Specifically, AstraZeneca has argued that the PhotoCure decision supports the company’s efforts to obtain a PTE for U.S. Patent No. 5,817,338 (“the ‘338 patent”) covering PRILOSEC OTC (omeprazole magnesium) Delayed-Release Tablets. As we previously reported, the PTO determined that the ‘338 patent is not eligible for a PTE because the PRILOSEC OTC NDA was not the first permitted commercial marketing or use of omeprazole (and also because the PTE application was not timely submitted). That is, the PTO applied an “active moiety” interpretation of the PTE statute and concluded that PRILOSEC OTC is not the first permitted commercial marketing or use of the product, because the term “product” in the PTE statute ultimately means “the underlying molecule or ion (excluding those appended portions of the molecule that cause it to be a salt or ester) responsible for the physiological or pharmacological action of the drug.”

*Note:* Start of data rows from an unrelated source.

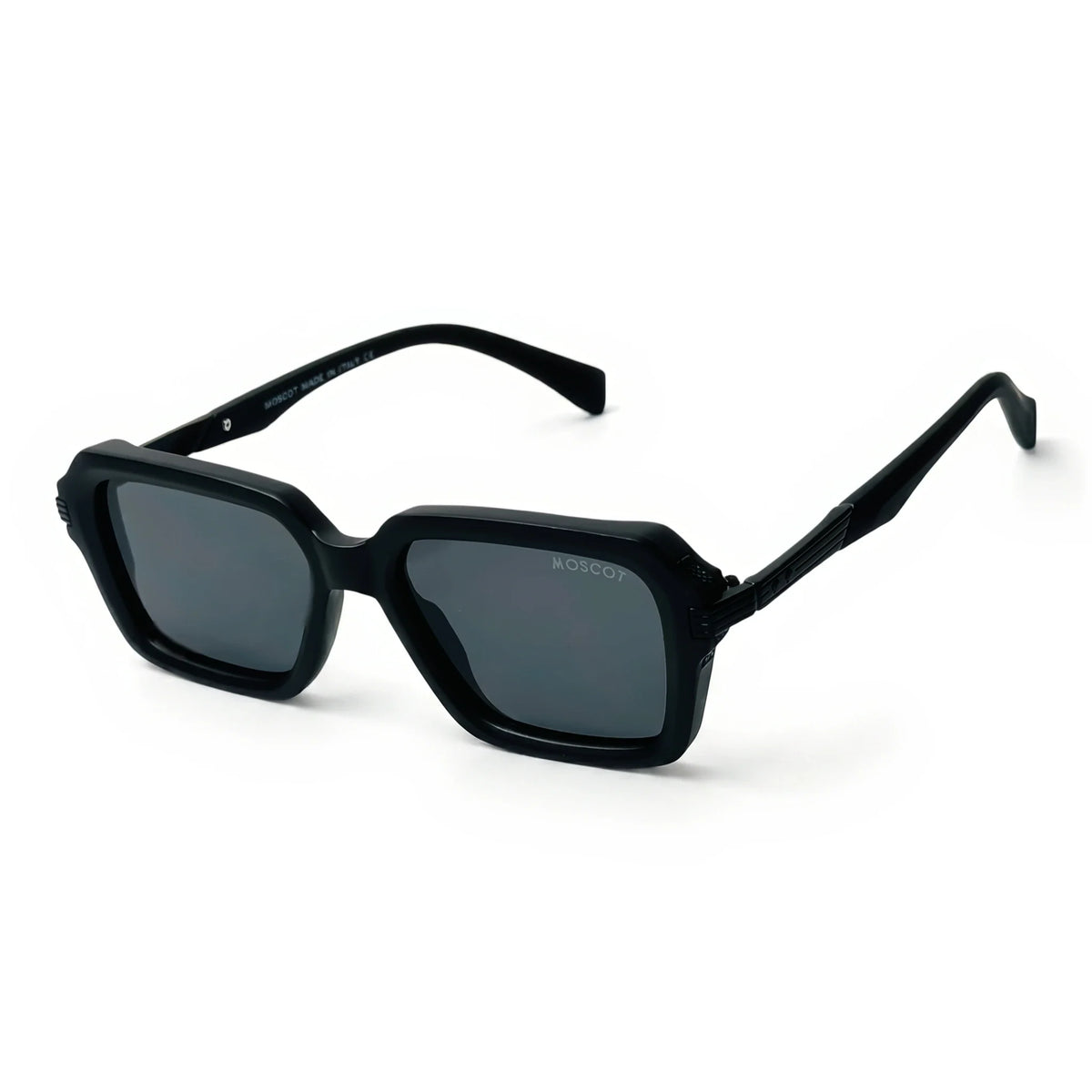 Slate Sunglasses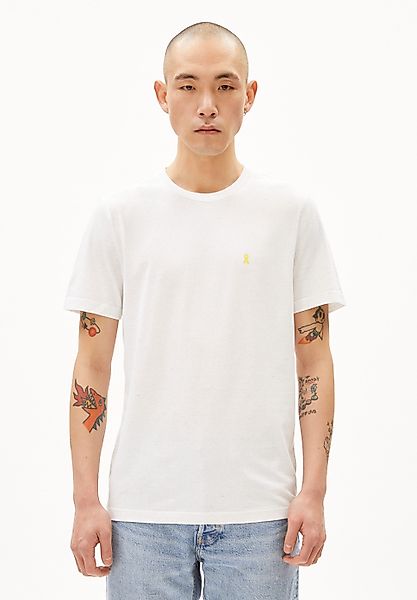 Armedangels T-Shirt JAAMES CLASSIC T-Shirt aus günstig online kaufen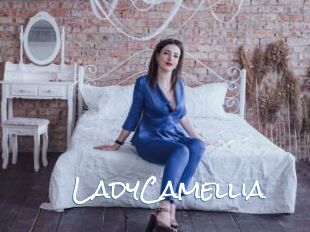 LadyCamellia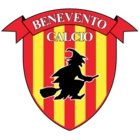 Benevento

The PhotoCure decision has also been cited in post-trial communications (here and here) in a case concerning a PTE granted by the PTO with respect to U.S. Patent No. 5,053,407 (“the ‘407 patent”) covering Ortho McNeil-Janssen Pharmaceutical, Inc.’s enantiomer drug product LEVAQUIN (levofloxacin). As we previously reported, the U.S. District Court for the District of New Jersey ruled last month that the PTE granted with respect to the ‘407 patent is valid. Lupin challenged the validity of the ‘407 patent PTE on the basis that the “marketing of levofloxacin would not be the ‘first permitted commercial marketing or use’ of the active ingredient (levofloxacin) as either a single entity or in combination with another active ingredient” given FDA’s previous approval of the racemate drug FLOXIN (ofloxacin). Both parties contend that the PhotoCure decision is consistent with their arguments. The district court’s decision has been appealed to the Federal Circuit.
In addition, the PhotoCure decision has been used to support a position that FDA should affirm its decision to grant a period of five-year NCE exclusivity for the pro-drug VYVANSE (lisdexamfetamine dimesylate) Capsules. As we previously reported (here and here), FDA has been sued over its decision to grant NCE exclusivity for VYVANSE and its refusal to accept an ANDA for a generic version of the drug product. That litigation has been put on hold while FDA solicits and considers public comment (Docket No. FDA-2009-N-0184) on pro-drug NCE exclusivity issues. In a recent docket submission, one company argues that the PhotoCure decision “supports FDA’s decision that Vyvanse is entitled to five-year NCE exclusivity.”